= EXERCISE REQUIREMENTS =
Only some lines are wanted. Transcribe, exactly, the lines below from the line with "WG400X100 Tigerflex® by" up to and including the line with "Intellinet Network Solutions".

= GIVEN RECORDS =
Content starts

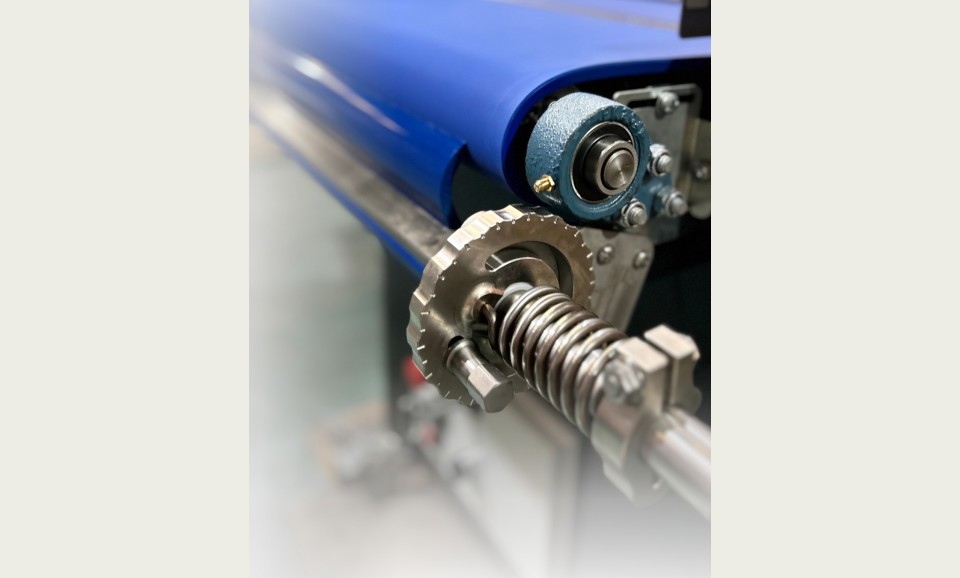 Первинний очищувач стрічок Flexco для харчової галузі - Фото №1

Content ends
Content starts

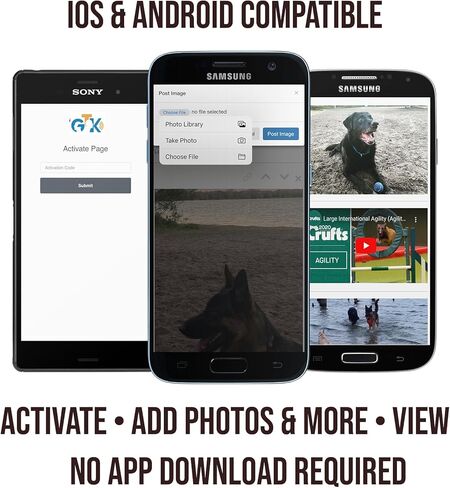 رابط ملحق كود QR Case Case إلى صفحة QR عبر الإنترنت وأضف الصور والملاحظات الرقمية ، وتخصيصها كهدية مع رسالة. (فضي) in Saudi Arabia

Content ends
Content starts

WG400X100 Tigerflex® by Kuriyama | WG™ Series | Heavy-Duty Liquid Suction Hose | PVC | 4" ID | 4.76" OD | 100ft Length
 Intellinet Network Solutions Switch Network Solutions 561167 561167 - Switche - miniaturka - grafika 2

Content ends

= TASK OUTPUT =
WG400X100 Tigerflex® by Kuriyama | WG™ Series | Heavy-Duty Liquid Suction Hose | PVC | 4" ID | 4.76" OD | 100ft Length
 Intellinet Network Solutions Switch Network Solutions 561167 561167 - Switche - miniaturka - grafika 2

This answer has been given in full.